In both World Wars, the most distinctive feature of the Germany army uniform was the item that has come to symbolize German militarism in even remotest corners of the world – the helmet, the Stahlhelm. Here, on a table set up outside a steel helmet factory in Lubeck, Germany, a display is set up, showing the varying stages of the helmet-making process for Stahlhelms for the Imperial German Army.
Motel manager pouring acid in the water when black people swam in his pool; ca. 1964.
*According to multiple sources it was Hydrochloric acid.
This famous photograph by Horace Cort shows a group of white and black integrationists in the former Monson Motor Lodge swimming pool on June 18, 1964. The photo was connected to the St. Augustine Movement, named for the town in Florida where it took place.
The photo was taken right after anti-segregation protesters had jumped into the whites only pool and the manager thought this acid would drive the protesters out. It doesn’t matter that the acid didn’t harm them, his intent was to terrorize them. The protesters were arrested just a few minutes later. This photo made global news at the time and was a major embarrassment for the U.S.
(Source)
Omar Bradley on Omaha Beach, Normandy; June 1969.

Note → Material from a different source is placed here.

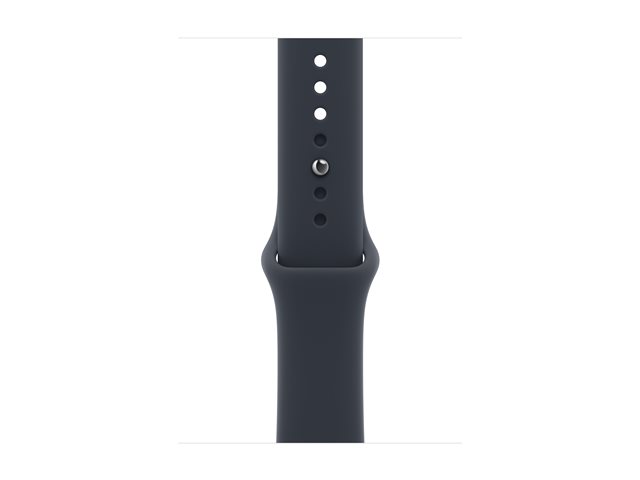 Apple Watch Series 12 GPS + Cellular 46mm Natural Titanium Case with Navy Blue Sport Band - S/M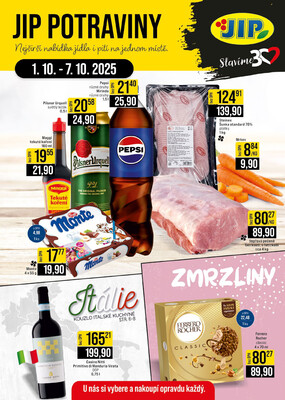 JIP Cash &amp;amp; Carry České Budějovice, Most, Náchod, Polička, Sušice a Svoboda nad Úpou od 1.10. do 7.10.2025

I find this image to be extremely powerful. Bradley had a lot to think about. While his landings went well, and his break out was stupendous, he completely dropped the ball and missed encircling several hundred thousand Germans by just 8 kilometres. (The Falaise Gap) He also likely had serious psychological issues following his service, he had a nervous break down at the battle of the bulge. And by 1969 he’d outlived most of his compatriots.
Biosphere 2: It was build as airtight closed ecological system with plants, insects and animals over 13000m². Between 1991 – 1993 eight people lived in there to prove that life is possible isolated from the earth’s biosphere. The system became quickly unstable – in the end the experiment failed.

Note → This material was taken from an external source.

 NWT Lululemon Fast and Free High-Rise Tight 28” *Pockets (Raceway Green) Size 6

Biosphere 2 was a weird project.
It was created by a group of environmental fanatics / improvisational actors who had no concept of how to design an experiment. The biomes were chosen more on aesthetics than function, and the plants and animals were chosen on whim rather than any actual attempt to design an ecosystem where the organisms complemented each other. As baffling as the fog desert is, what kind of enclosed ecosystem needs a coral reef? They also ignored all advice from experts, such as “hey your crops need this kind of soil to grow” or “don’t use UV-treated glass or all your bees will die”. And to top it all off, these untrained people were the ones who lived inside the biosphere, rather than choosing a group of people who were psychologically stable and/or suited to the tasks required. Eventually all the scientific advisors the project did have resigned because they were sick of dealing with the bullshit.

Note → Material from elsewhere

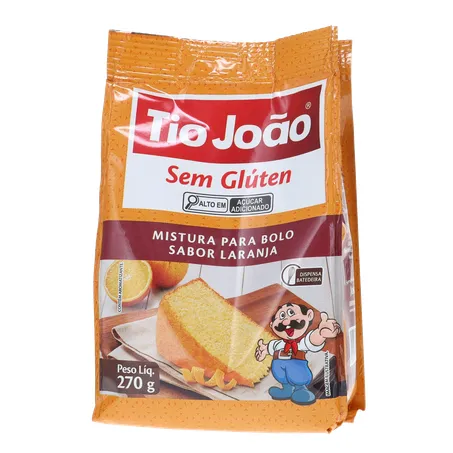 MISTURA BOLO TIO JOÃO LARANJA 270G 360-1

However, despite all the trouble, there were some pretty interesting results. After the bees died out, cockroaches and then ants (both of which had breached the “seal”) took over pollination of plants. It was discovered that trees basically require wind to push them around while they grow, so that they gain structural strength, otherwise they’re unable to support their own weight later in life. The biospherians ended up having a very sparse diet, and coupled with the oxygen troubles a lot of things were learned about human health. Just imagine what else we could have discovered if people who knew what they were doing had designed this thing!